They had exchanged greetings at the door, pleasantries and smiles. Chuck had made an extra effort to put Casey's girlfriend at ease, considering this had been the first time she had been around everyone like this. She had only just first met Alex, Casey's daughter, at Morgan's apartment. Shocking to see, Gertrude's spy facade was actually missing, Chuck noted right away, surprised yet pleased. He had understood, probably better than anyone, that Gertrude had no real frame of reference to just be a normal person, per se, and was treading carefully into this life, learning as she went.
Casey had undergone a drastic change in the five years that Chuck had known him. He was a completely different person now than he had been the night Chuck had first seen him on the roof, after Sarah had dragged him up the stairs as she had called in an emergency evac. Casey had always just quipped that Chuck himself had somehow made everyone "go soft." Somehow, Casey had now gotten under Gertrude's skin, and started changing her as well. Chuck tread cautiously.
He had also sensed how hesitant Gertrude was around Sarah. Gertrude knew the story, he was sure, the entire situation recounted to her by Casey in the three months they had been together in Germany. Sarah remembered Gertrude Verbanski, but not every interaction they had had. Quietly, before they had left the house, Sarah had told him most of her memories of Gertrude were slightly tainted–the backhanded comments, stolen business and intel, taken from them, conversations about how compromised they could be by allowing emotions into play in their spy work.

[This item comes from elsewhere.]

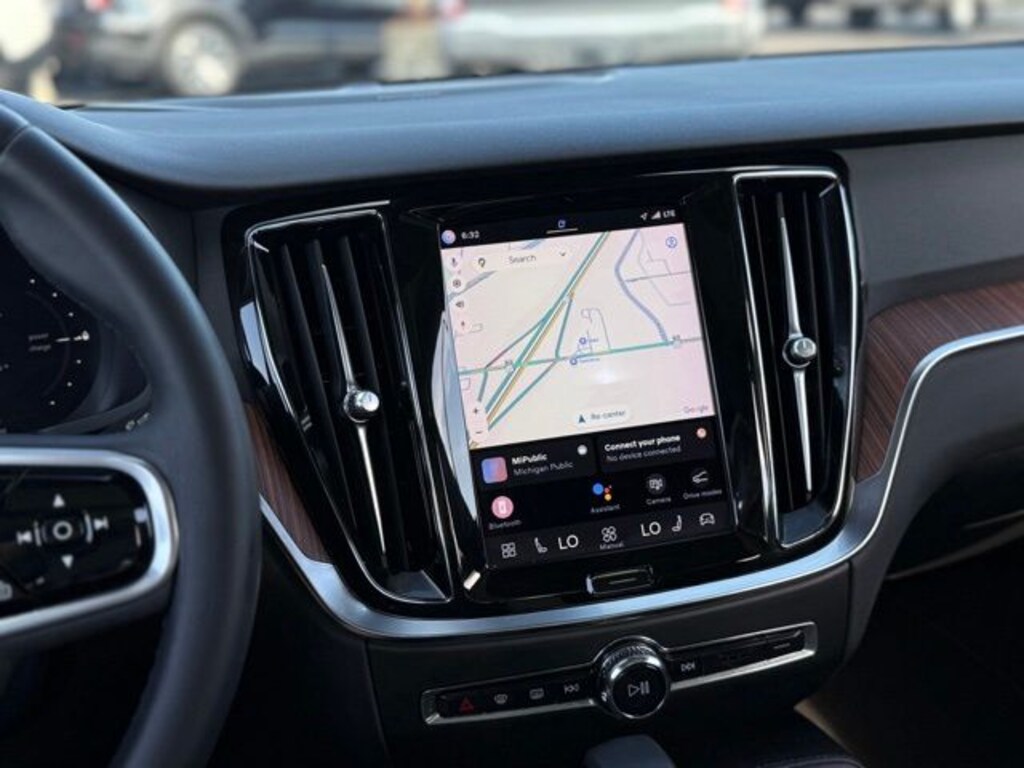 Used 2023 Volvo S60 Recharge Plug-In Hybrid T8 Plus Dark Theme Sedan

Sarah had mentioned the mission to Palm Beach, a vague memory of having dinner at a hotel. Less hostility, and a rescue mission in the Everglades. Chuck's responses had been clipped, terse, at times almost emotionless. She vowed to keep those memories at the forefront, to make the whole socializing thing easier. Sarah had promised Chuck she would continue to try to reach out, letting her interactions with everyone else start to become more natural. It was only in the car, as Chuck turned up the radio, avoiding talking to her, that she had been able to piece together the timeline, understanding the strained discussion she had had with him about her contraception and his explanation of that "false alarm" incident, that the mission with Gertrude had to have coincided with the aforementioned time.

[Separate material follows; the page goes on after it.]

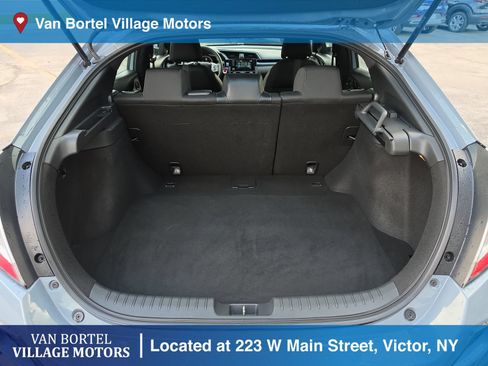 Used 2021 Honda Civic Sport image 25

Worried that she had precipitated his sullen mood, and knowing the main reason he had wanted to go out like this in the first place was as a respite, a break in between today's heavy discourse with Dreyfus, and tomorrow's expectantly grueling session, she had allowed her affection for him show in an almost exaggerated form. Not with pretense, only a conscious removal of inner restraints. It had always made logical sense why she would keep her feelings for him close to her, understanding she had almost always done this. Part out of necessity, then out of habit, even out of fear, long ingrained and slowly released. But she knew, in a past that was only sparsely recalled, that she had stopped using logic to make decisions, and began relying instead on her heart. Her heart told her now to not hide how he was making her feel.
Chuck had called this a new beginning. Despite her initial resentment for the need to do so, wanting instead what she had most certainly had but lost, she knew he was right. Part of it remembered, part of it unconscious instinct, and part determination and discovery. Nothing ever stayed the same–he had told her that, words she had remembered, disconnected in a dream, unattached to time or place. Each step she took forward into the darkness, she could only see what was beneath her feet. But he was beside her, behind her, inside her. The unknown was no longer frightening. She could shape it to match her dreams. Every day she learned that more and more.

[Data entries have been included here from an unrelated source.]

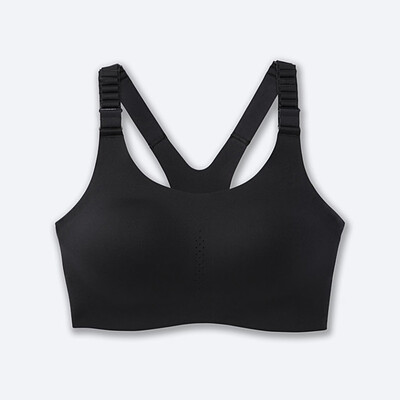 نیمتنه ورزشی اورجینال بروکس Brooks Racerback Run Bra 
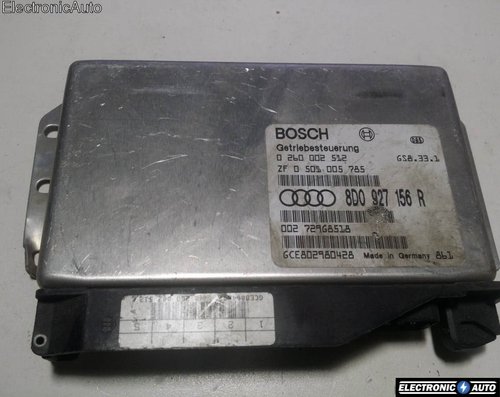 Calculator cutie automata VW, AUDI 0260002512 8D0927156R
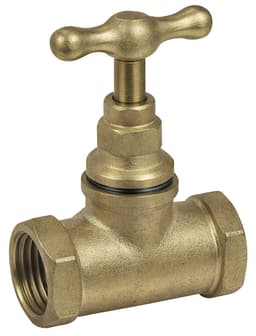 LLAVE PASO BCE HH ø 1/2  "KLOSS"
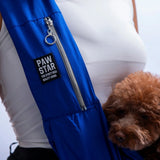 Blue Crossbody Bag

So as they waited in the vestibule to sit, she hung on him like a teenage girl, arms around him, her lips on his cheek. Gertrude looked vaguely disgusted, Chuck thought, reminiscent of the old Casey. Fortunately, Alex was loquaciously engaging her father's girlfriend in small talk. It eased the entire atmosphere, as the more she talked, the more at ease Gertrude became.
She had been worried about Alex liking her, Chuck thought with a flash of insight. Wonders never ceased.
"Are you two gonna do this all night?" Casey said, his eyes running up and down the couple entwined in the doorway.
"We missed you, too, Casey," Sarah crooned, a wide grin on her face. He grunted and Alex and Morgan laughed. Gertrude tucked her arm around Casey's waist and squeezed before she let her arm fall to her side again.
Morgan opened the glass door separating the entrance way from the vestibule of the restaurant, a loud cacophony of voices and music assaulting them. The hostess approached them, taking a hesitant step into the milling crowd. "It should be about 30 more minutes. We apologize for the wait. There is available seating in the lounge area, although, by the noise, you can tell there is a small party going on in there. A very small high school reunion gathering." She stood, the menus tucked against her waist, waiting for their reply.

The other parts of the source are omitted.